La mostra Disegnare disegnare ridisegnare il pensiero immagine che cammina aperta fino al 23 settembre alla Fondazione Merz di Torino è la prova di come Marisa Merz con il tempo ci giochi a nascondino. Ci si trova di fronte a grandi tessiture che sembrano fiorire come materia organica sulle pareti. Lei le ha lavorate con pazienza con il filo di rame e i ferri che, a volte, vengono inglobati nell’opera stessa, diventando simbolo di quell’intimo dialogo tra l’artista e la materia. Ma la cosa straordinaria di tutto questo è il fatto che questo muto colloquio non ha un inizio e una fine. Marisa Merz ogni volta smonta e rimonta le sue opere, le scardina e le assembla in maniera diversa, le fa rivivere in una forma sempre nuova, gli dà  in destino una metamorfosi perenne. Ogni volta rimette in gioco il tempo che queste contengono, così che diventa impossibile attribuirgli sia una data che un titolo. Qui per esempio ci sono dipinti recenti protetti, o magari imprigionati, da un sipario di rame, materiale utilizzato dalla metà  degli anni Settanta, che nello stesso tempo occulta ed esalta il volto che si affaccia dalla trama. Oppure testine di argilla cruda che abitano tavoli e sedie che diventano piccoli troni, altari da cui loro appaiono quasi come fossero idoli chiamati a proteggere la “casa” costruita dall’artista.
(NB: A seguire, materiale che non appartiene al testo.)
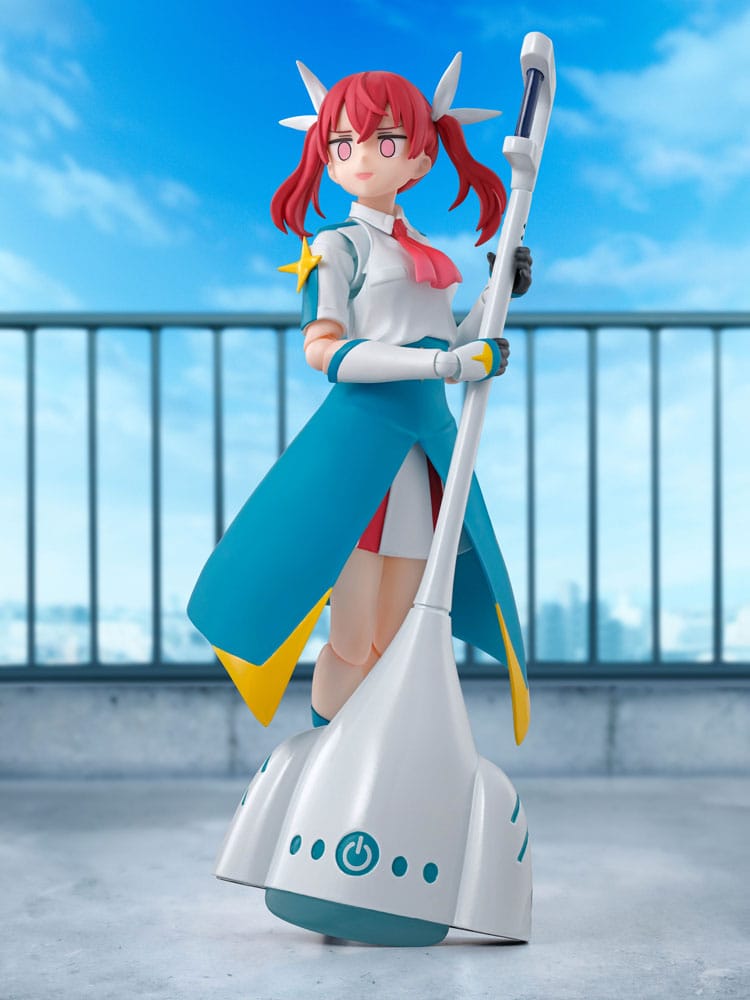 Magilumiere Co. Ltd. S.H.Figuarts Action Figure Kana Sakuragi 14 cm - MangaShop.ro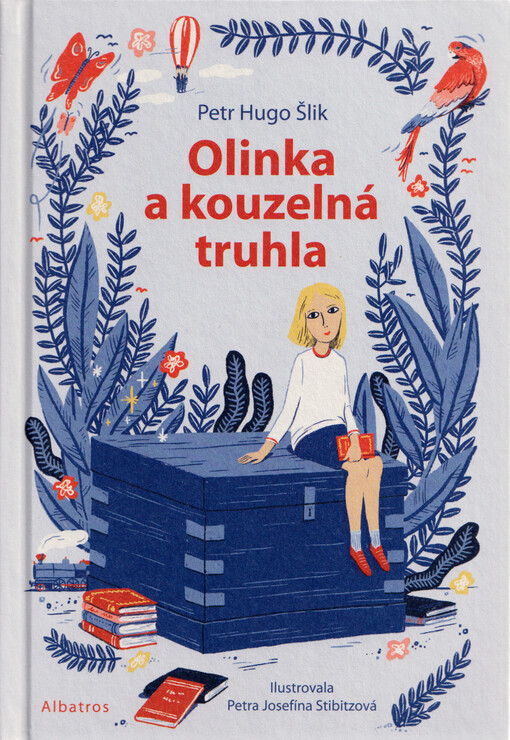 Olinka a kouzelná truhla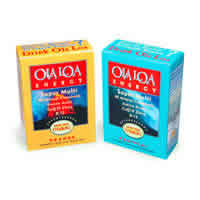 Energy Drink Tropical Travel Pack 5 pkts from Ola Loa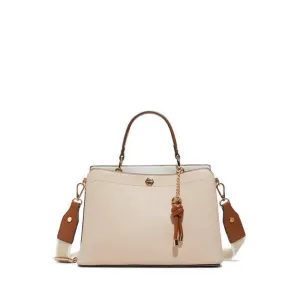 Bernardos Satchel - Taupe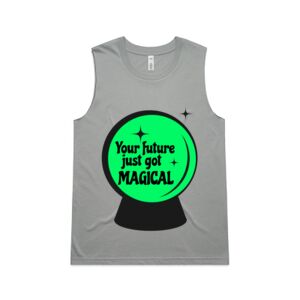 WO'S UPSIDE TANK (Same Day) Thumbnail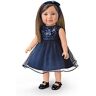 The Ashton-Drake Galleries Lucy's Big Adventures Play Doll With Outfits And Accessories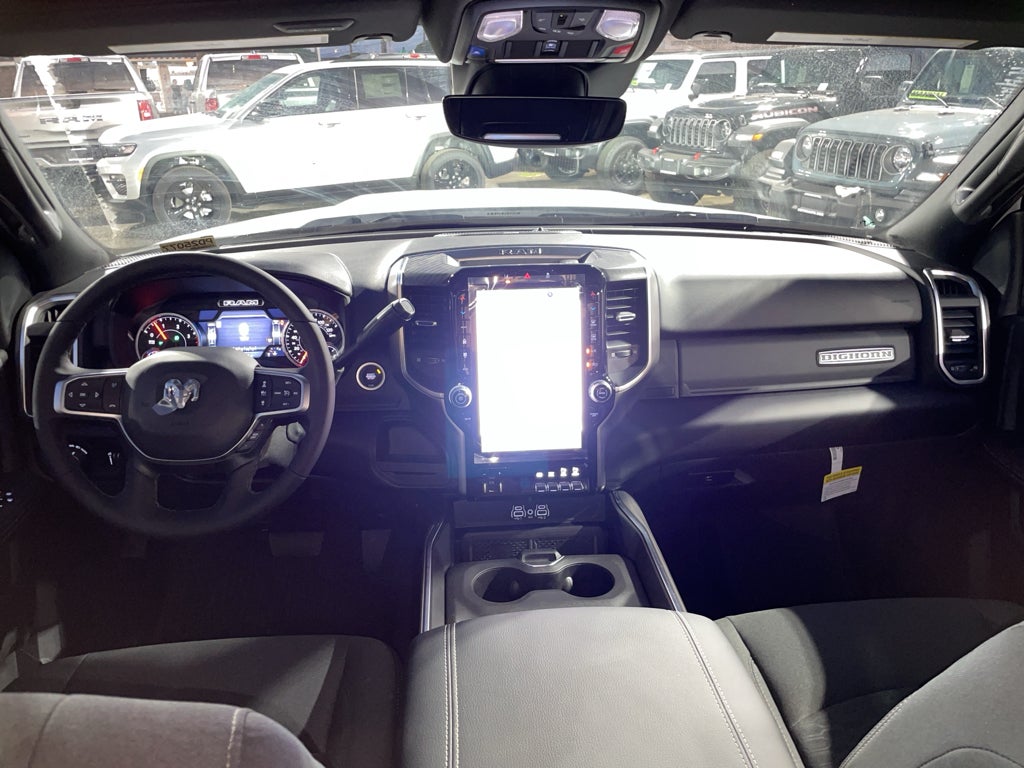 2025 RAM 2500 Big Horn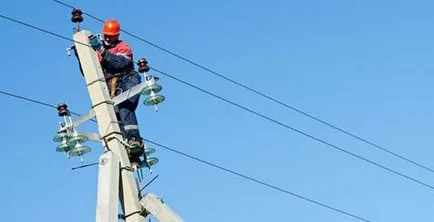 Cum de a conecta la site-ul de energie electrică și ce trebuie să faci (electricitate) Cum de a conecta energia electrică la site-ul și că aceasta trebuie să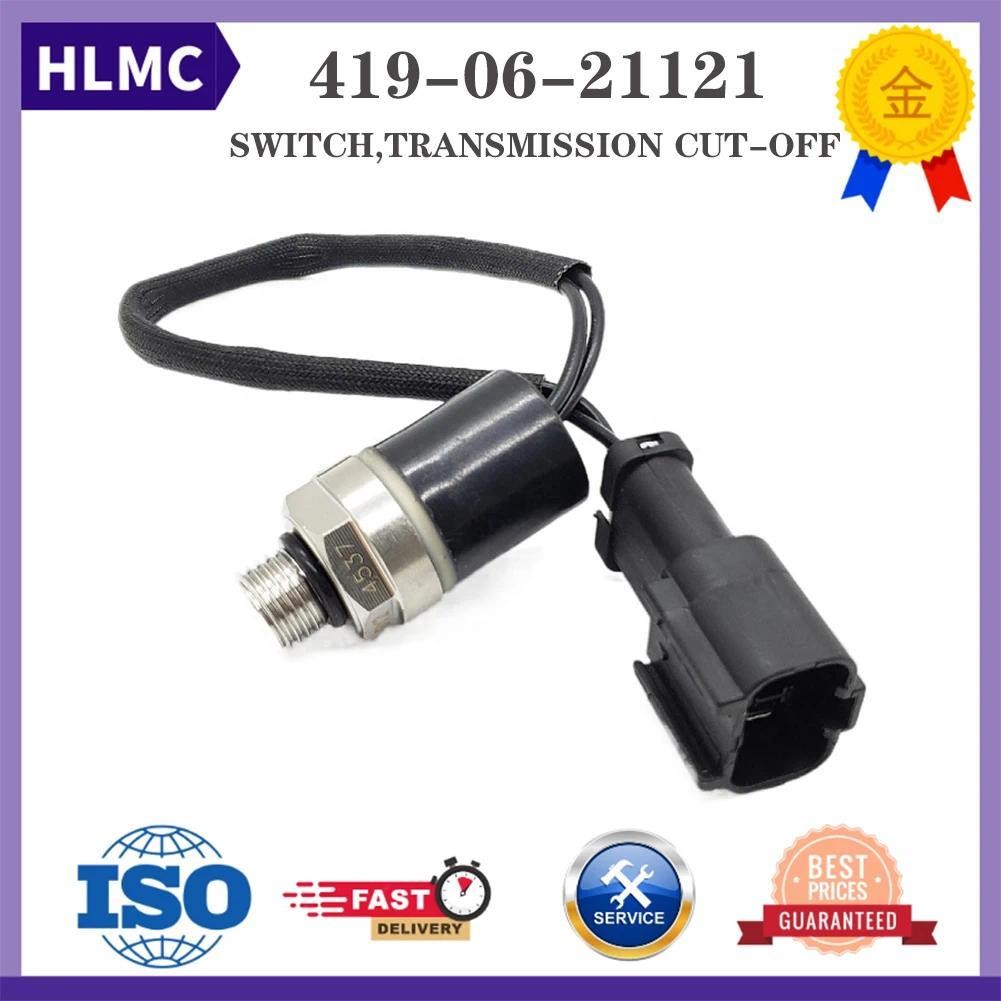 WA320 WA380 WA420 WA470 WA500 WA600 เกียร์ตัดความดัน 419-06-21 419-06-2120 421-43-22931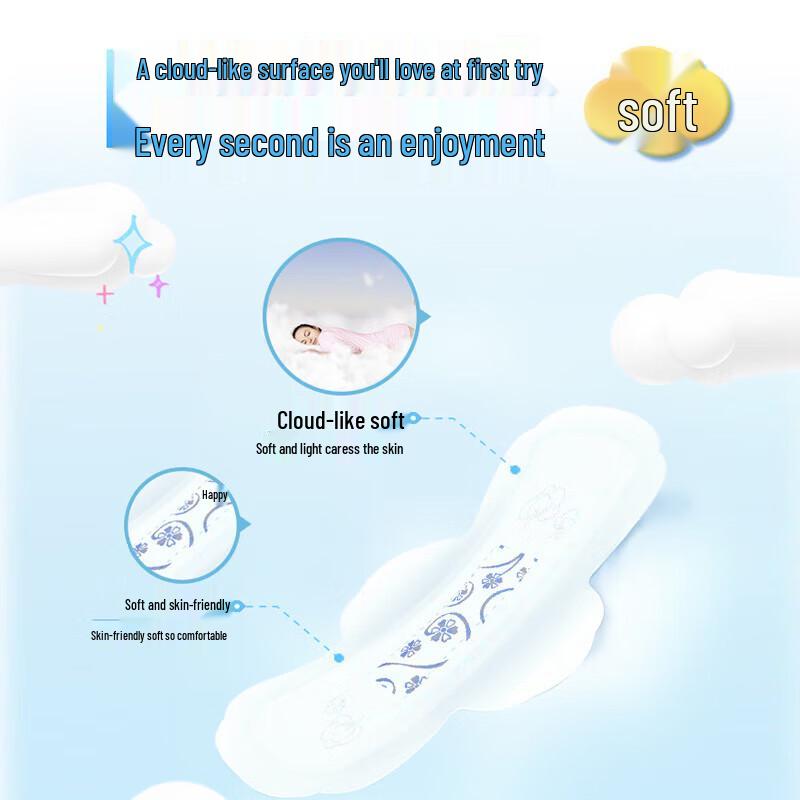 ABC Ultra-Thin Sanitary Pads Set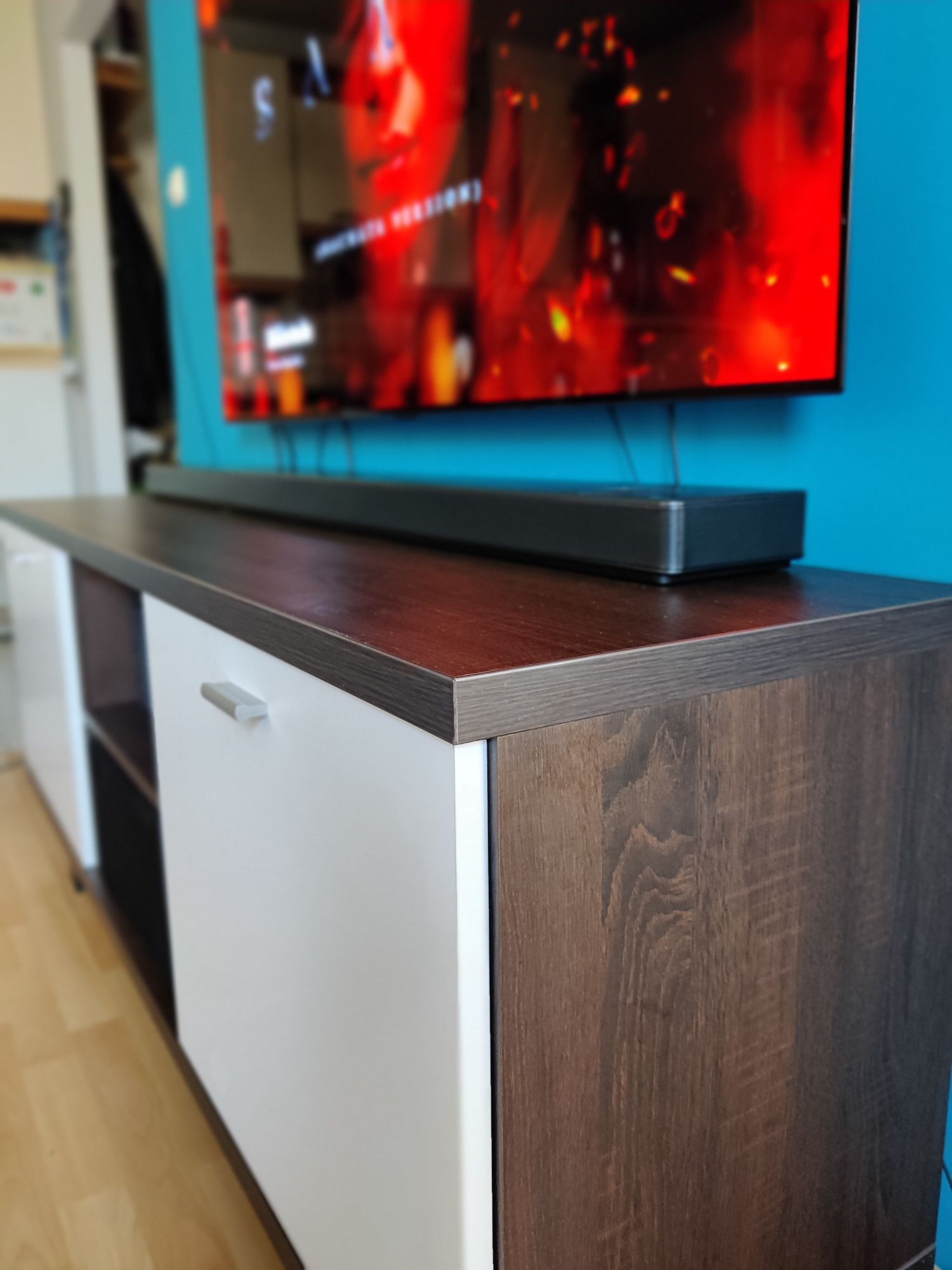 Komoda szafka RTV pod TV solidna
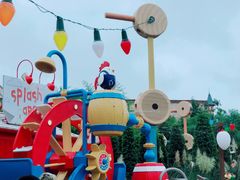 -Lotso Lunch Box 草莓熊餐盒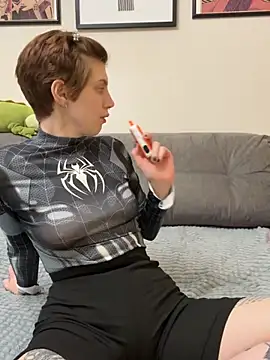 ginger_novaa's cam snapshot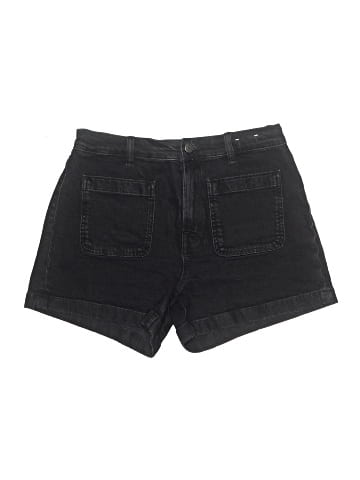 Madewell The Denim Emmett Short in Sendhurst Wash: Patch Pocket Edition (view 1)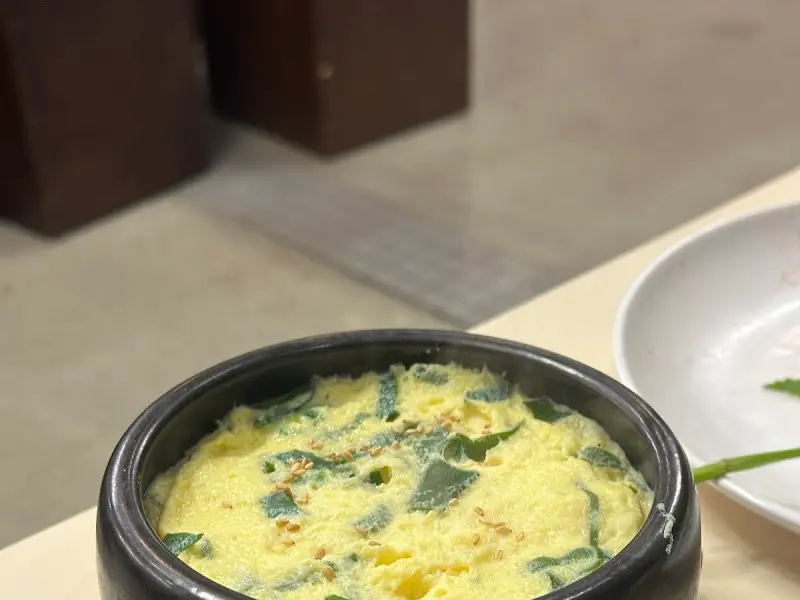 부드러운 계란찜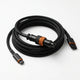 OLA FOX Braided USB-C Cable (2M)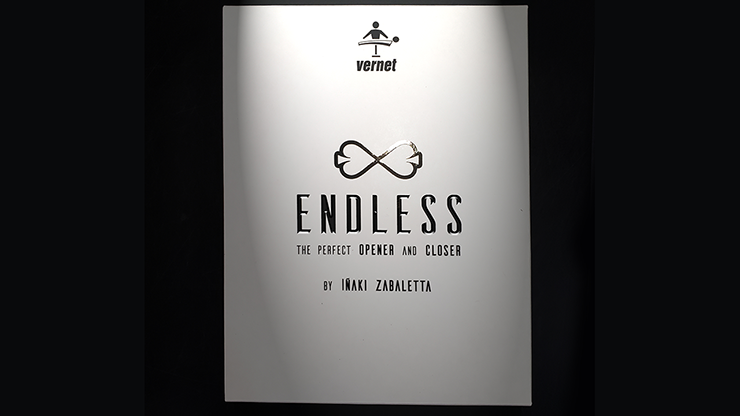 Endless by Inaki Zabaletta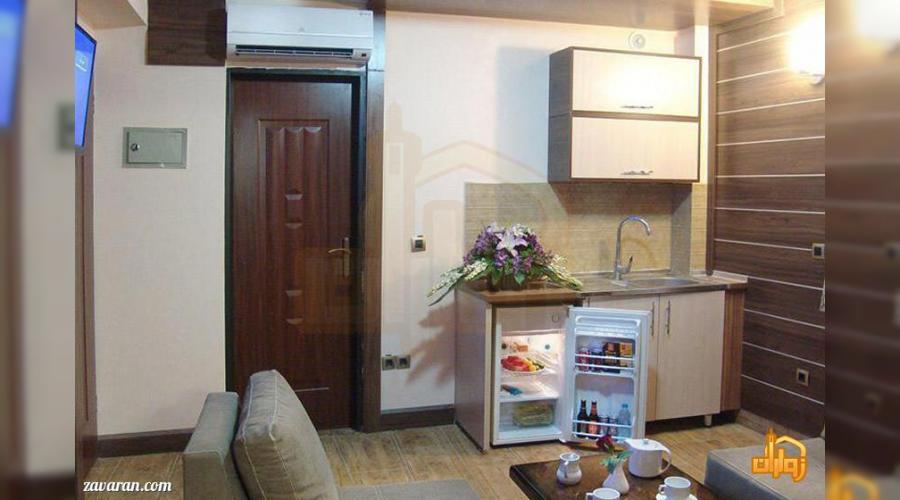 رزرو هتل و هتل آپارتمان ارزان مشهد فقط با پرداخت بیعانه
Alcune di queste opere sono inedite, altre le abbiamo già  viste ma il modo di presentarle era completamente diverso. E possiamo essere sicuri che la sistemazione che la Merz le ha dato oggi è tutt’altro che definitiva. Infatti nei grandi spazi della Fondazione Merz lei non ha allestito i lavori, li ha semplicemente appoggiati, come se dovessero rimanere lì per poco. Pronta a riprenderseli appena possibile per fargli proseguire il loro cammino attraverso il mondo. In questo caso stretti a dipinti e sculture ci sono legni, oggetti, elementi che ha trovato nel cortile della sua casa. Cose che hanno già  compiuto un loro pezzo di vita a cui lei ne elargisce una nuova. Come fai a dare una data o un titolo a frammenti messi insieme tutte le volte in maniera diversa? Merz utilizza le sue opere come fossero parole: con queste costruisce il suo linguaggio, il ritmo che imbastisce tutte le volte un racconto sempre nuovo. 
È stato detto più volte che in Marisa c’è uno stretto rapporto tra l’artista e la madre, tra il generare l’opera e il dare luce alla figlia Beatrice. E questo è talmente vero che i suoi dipinti, le sue tessiture, le sculturine di argilla a volte ricoperte di oro o di azzurro, le altalene in equilibrio sospeso, le matasse di grafite che danno vita a immagini aggrovigliate e sicure, crescono, cambiano, si modificano nel tempo proprio come succede agli esseri umani. E come loro vivono avendo ben chiaro il senso della precarietà  della propria esistenza. Sono lavori fragili e potenti quelli della Merz: scarpette di nylon che sembrano non poter condurre da nessuna parte ma che magari possono essere trasportate tanto sono leggere (le aveva esposte sulla spiaggia di Amalfi nel 1968, quasi in balìa del mare), faccine appena accennate, dagli occhi chiusi, forse ciechi (bellissima la scultura che ha al posto dello sguardo due cucchiaini), ovvero rivolti verso l’interno, ad afferrare i moti dell’anima. Esserini veggenti quindi che, in questo caso, viaggiano sopra e sotto il tavolo a spirale di Mario Merz, che di Marisa è stato il marito per tutta la vita. 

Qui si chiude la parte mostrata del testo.